School Street, Drayton

A chilly but nevertheless lovely morning with a clear blue sky showing only a few wisps of cloud. And even these, on closer examination, proved to be the disintegrating remains of aircraft vapour trails.

I took Chris in to work for a couple of hours with the Air Ambulance. Not only is it voluntary and therefore unpaid but only rarely do I collect her without she has found a  'lovely vase' or a 'really nice set of banana straighteners'. I sigh and kiss a few quid goodbye. This voluntary work can be expensive.*

Leaving town I drove out to our allotment to drop a load of dead flowers, lettuce leaves, banana skins and coffee grounds on to the compost heap. Lots of 'ferns' are growing around the cherry tree; in fact they are young plants of Phacelia tanacetifolia.

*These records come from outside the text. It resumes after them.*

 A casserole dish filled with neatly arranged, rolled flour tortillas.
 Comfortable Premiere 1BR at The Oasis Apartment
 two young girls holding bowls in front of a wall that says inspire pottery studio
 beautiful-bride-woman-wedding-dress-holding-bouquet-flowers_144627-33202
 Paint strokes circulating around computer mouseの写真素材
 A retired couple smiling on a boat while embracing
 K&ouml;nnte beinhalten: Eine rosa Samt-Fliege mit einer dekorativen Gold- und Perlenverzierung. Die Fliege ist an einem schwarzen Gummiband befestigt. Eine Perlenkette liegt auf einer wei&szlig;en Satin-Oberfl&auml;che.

Young phacelia plants are popping up around our allotment.
Drayton, Daventry. 8 January, 2019

I grew the species last year as a green manure and subsequently many are popping up in unexpected places. I may leave a few plants for their attractive blue flowers growing in little clusters. (The word phacelia comes from the Greek phakelos, a bundle, and refers to these flowers.)

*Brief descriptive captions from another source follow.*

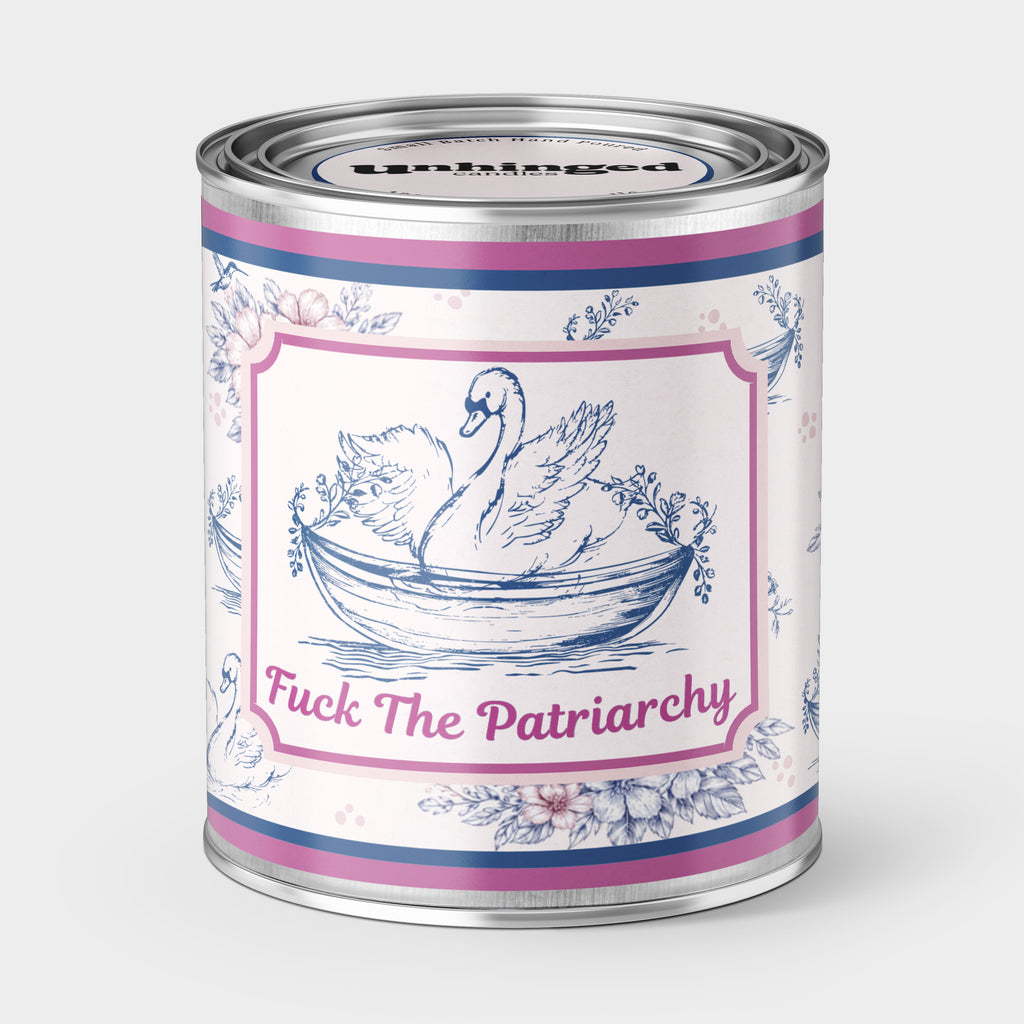 An Unhinged Paint Can Candle with a vintage swan design and 'Fuck The Patriarchy' text on a white background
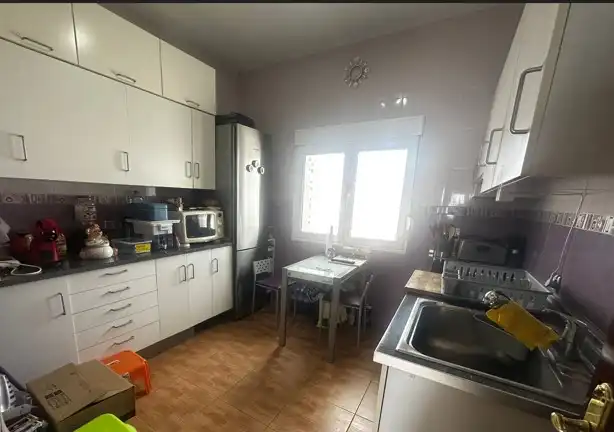 Kitchen of Flat for sale in Gijón   with Heating, Private garden and Furnished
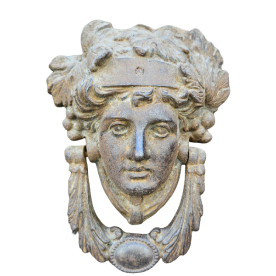 Ancient stone relief depicting a female face adorned with a crown and surrounded by decorative foliage.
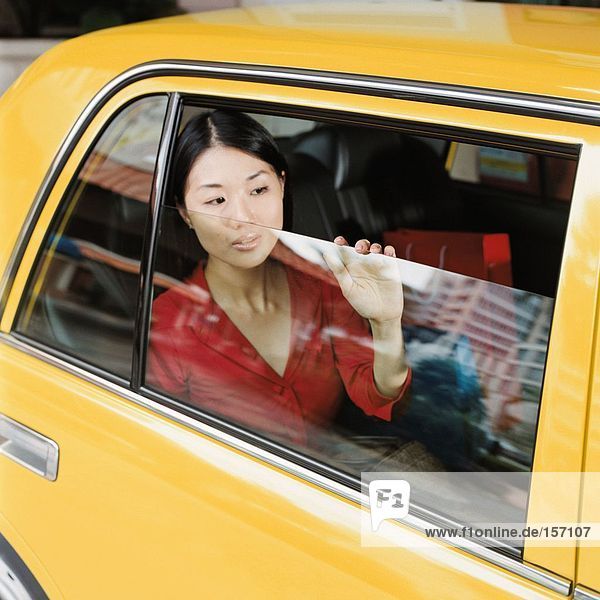 Frau schaut aus dem Taxi-Fenster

Having locked the allotment gates I set off for a walk down School Street. The school has not functioned as such for several decades and is now a most attractive private residence.

The former school in Drayton, now a lovely house.
8 January, 2019
Almost opposite the school stood a clump of bamboo. Nothing unusual about that you might think but it is by some distance the tallest bamboo I've ever seen in Britain, certainly reaching roof-top height. It may be Phyllostachys bissetii but that is purely a guess. Bamboos are tricky.

Wow! Reaching the rooftops. Bamboo in Drayton.
8 January, 2019

Several gardens held specimens of a neat, flat-topped birch. It is, I believe, a form of our native Silver Birch, Betula pendula, known as Young's Weeping Birch. None of the specimens grew above about three metres in height, making it a very useful tree for small gardens.

Young's Weeping Birch? A very popular small garden tree.
Drayton, 8 January, 2019
Only a mile or so today but that was plenty. I'm feeling smug having lost another pound, and I don't want to be reckless with my walking.

* Today's booty proved to be a pair of heavy, tapestry-like curtains with a medieval motif although, to be fair, they were for our son-in-law Dean, who will doubtless put them to good use.